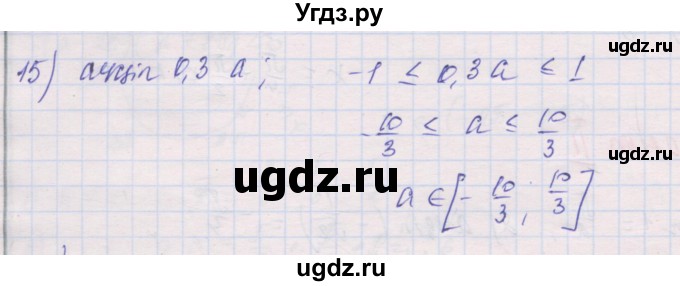 ГДЗ (Решебник) по алгебре 10 класс (дидактические материалы) Шабунин М.И. / глава 6 / § 34 / вариант 2 / 15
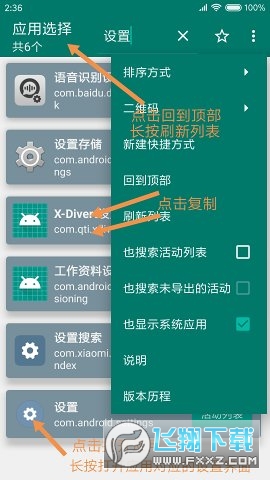 创建快捷方式app下载安装包酷安
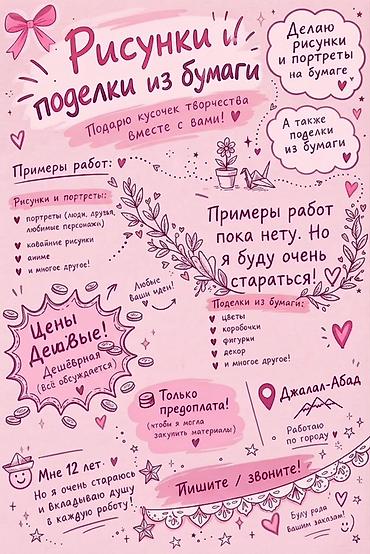 настенные деревянные часы: Рисунки и поделки из бумаги Что делаю: - Рисунки и портреты на — 1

● Try it
Repeat all the material exactly, but keep pictures out of the copy.

● Written solution
 ГДЗ (Решебник) по алгебре 10 класс (дидактические материалы) Шабунин М.И. / глава 6 / § 34 / вариант 2 / 15
 创建快捷方式app下载安装包酷安
 настенные деревянные часы: Рисунки и поделки из бумаги Что делаю: - Рисунки и портреты на — 1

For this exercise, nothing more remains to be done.